1 Samuël
21:1 Toen kwam David naar Nob, naar de priester Achimelech, en Achimelech werd bang
bij de ontmoeting met David, en zei tegen hem: Waarom bent u alleen en nee?
man met jou?
21:2 Toen zei David tot de priester Achimelech: De koning heeft mij bevolen
zaken, en heeft tegen mij gezegd: Laat niemand iets weten van de
zaken waarover ik u zend, en wat ik u bevolen heb: en ik
hebben mijn dienaren op die en die plaats aangesteld.

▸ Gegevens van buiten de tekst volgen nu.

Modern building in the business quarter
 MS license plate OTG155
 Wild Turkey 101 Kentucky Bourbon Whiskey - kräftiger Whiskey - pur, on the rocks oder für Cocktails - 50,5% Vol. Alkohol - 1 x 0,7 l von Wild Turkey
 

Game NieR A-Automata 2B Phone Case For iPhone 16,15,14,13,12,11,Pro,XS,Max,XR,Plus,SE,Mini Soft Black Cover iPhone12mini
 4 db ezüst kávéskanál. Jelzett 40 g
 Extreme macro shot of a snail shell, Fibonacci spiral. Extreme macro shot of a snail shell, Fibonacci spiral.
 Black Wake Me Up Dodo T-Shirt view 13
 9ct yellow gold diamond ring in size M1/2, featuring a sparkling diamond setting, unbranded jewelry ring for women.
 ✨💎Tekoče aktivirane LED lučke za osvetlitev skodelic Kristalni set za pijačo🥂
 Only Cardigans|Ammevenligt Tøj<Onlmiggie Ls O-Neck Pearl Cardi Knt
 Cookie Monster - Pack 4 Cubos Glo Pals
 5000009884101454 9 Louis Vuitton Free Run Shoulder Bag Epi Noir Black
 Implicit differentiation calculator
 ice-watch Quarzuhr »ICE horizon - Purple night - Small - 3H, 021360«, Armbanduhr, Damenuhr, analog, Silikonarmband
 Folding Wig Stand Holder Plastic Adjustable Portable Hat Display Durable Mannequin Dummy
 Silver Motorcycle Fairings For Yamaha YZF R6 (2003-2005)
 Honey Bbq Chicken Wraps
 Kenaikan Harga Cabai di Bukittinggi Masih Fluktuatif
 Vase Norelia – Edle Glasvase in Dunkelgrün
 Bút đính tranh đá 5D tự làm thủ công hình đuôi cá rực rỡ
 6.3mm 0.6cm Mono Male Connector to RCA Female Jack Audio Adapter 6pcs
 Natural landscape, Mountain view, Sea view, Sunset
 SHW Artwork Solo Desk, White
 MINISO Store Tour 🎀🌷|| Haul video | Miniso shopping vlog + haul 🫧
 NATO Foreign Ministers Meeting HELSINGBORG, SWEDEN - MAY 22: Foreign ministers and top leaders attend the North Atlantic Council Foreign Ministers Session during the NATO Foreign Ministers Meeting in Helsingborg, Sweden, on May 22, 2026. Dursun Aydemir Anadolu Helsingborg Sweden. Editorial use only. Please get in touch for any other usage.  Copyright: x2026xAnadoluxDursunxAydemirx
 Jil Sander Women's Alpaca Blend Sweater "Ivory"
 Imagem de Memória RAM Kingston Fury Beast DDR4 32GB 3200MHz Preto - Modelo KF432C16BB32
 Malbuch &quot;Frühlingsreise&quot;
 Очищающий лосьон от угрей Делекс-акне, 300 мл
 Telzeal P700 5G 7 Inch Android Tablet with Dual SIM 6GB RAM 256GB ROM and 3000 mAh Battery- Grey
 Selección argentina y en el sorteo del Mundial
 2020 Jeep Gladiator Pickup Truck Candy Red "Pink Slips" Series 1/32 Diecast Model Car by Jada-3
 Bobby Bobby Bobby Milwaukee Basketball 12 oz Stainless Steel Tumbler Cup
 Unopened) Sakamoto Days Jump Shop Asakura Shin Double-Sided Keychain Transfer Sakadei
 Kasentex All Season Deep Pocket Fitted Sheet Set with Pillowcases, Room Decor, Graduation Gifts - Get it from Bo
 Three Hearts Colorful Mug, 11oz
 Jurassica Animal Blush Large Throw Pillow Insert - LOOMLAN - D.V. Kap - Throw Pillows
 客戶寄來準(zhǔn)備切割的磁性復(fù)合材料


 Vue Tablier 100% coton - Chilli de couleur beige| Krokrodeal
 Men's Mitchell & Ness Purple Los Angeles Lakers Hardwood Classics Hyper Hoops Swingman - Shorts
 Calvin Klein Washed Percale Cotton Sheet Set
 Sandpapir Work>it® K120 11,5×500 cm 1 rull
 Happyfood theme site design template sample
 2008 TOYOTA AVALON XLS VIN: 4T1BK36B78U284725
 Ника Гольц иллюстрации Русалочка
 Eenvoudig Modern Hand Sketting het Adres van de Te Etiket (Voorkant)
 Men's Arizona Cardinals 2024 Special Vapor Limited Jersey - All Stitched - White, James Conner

21:3 Nu dan, wat is er onder uw hand? geef me vijf broden
mijn hand, of wat er aanwezig is.
21:4 Toen antwoordde de priester David, en zeide: Er is geen gewoon brood onder
mijn hand, maar er is heilig brood; als de jonge mannen hebben gehouden
zichzelf in ieder geval van vrouwen.
21:5 Toen antwoordde David de priester, en zei tot hem: Het is waar dat vrouwen hebben
ongeveer drie dagen voor ons achtergehouden sinds ik naar buiten kwam, en de
vaten van de jonge mannen zijn heilig, en het brood is in zekere zin gewoon,
ja, hoewel het heden in het vat geheiligd was.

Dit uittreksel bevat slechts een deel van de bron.